By Brock Stoneham

People line up outside family court in Brooklyn. Early in the morning, passing through the security line regularly takes half an hour or more. Photo by Brock Stoneham.

Daphne Culler whispered the words from the courtroom visitor’s bench, so quiet that hardly anyone could hear them. “Just relax,” she said.

Culler never broke eye contact with her daughter, who sat across the room at the witness table, mumbling answers. Twice the judge told the 15-year-old daughter, accused of assaulting a shop owner, to speak up.

When her attorney announced that the next witness wasn’t in the courthouse, the judge postponed the proceedings and called for another hearing date. Two police officers took Culler’s daughter through a side door of the courtroom and back into custody. She would spend two more weeks there, waiting for her next day in court.

It’s a cliché that the wheels of justice turn slowly, but in spending a day at family court in Brooklyn, it can seem as though the wheels aren’t turning at all.
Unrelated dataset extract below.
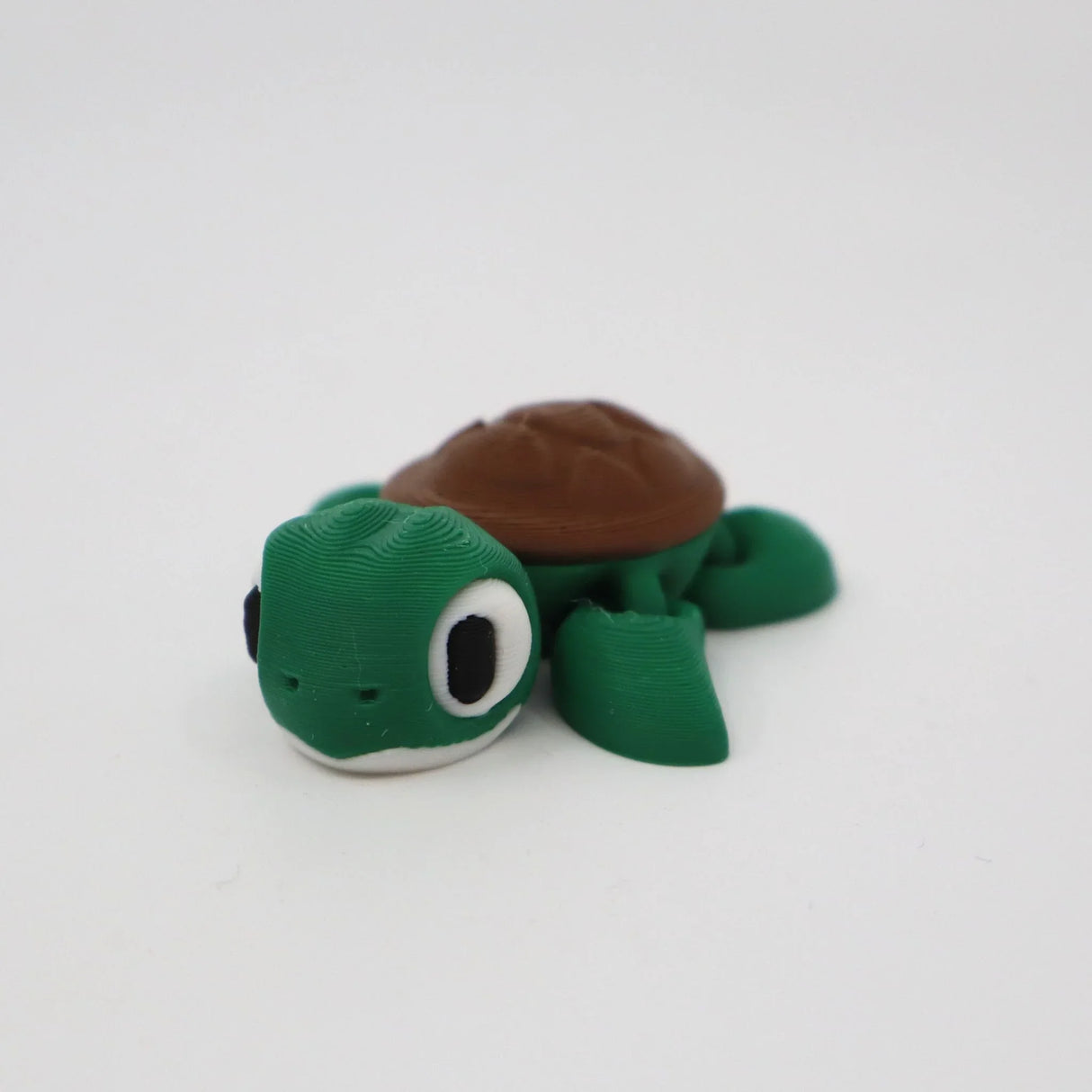 3D printed green and brown turtle sensory toy on a plain white background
Judges hold hearings that often last just minutes and advance the case only by degrees before adjourning. Delays are frequent. The process moves slowly as kids linger in jail and their parents take off work to be there for them. Except when they don’t. It’s a system that operates by its own logic, and participants can become frustrated when suddenly tied to it.

After her daughter’s hearing, Culler filed out of the courtroom with the attorneys. The prosecuting attorney tried to talk to her in the waiting area.

“You’re trying to put my daughter in jail,” Culler yelled at her. “I don’t want to talk to you.” Culler asked that security take the attorney away from her.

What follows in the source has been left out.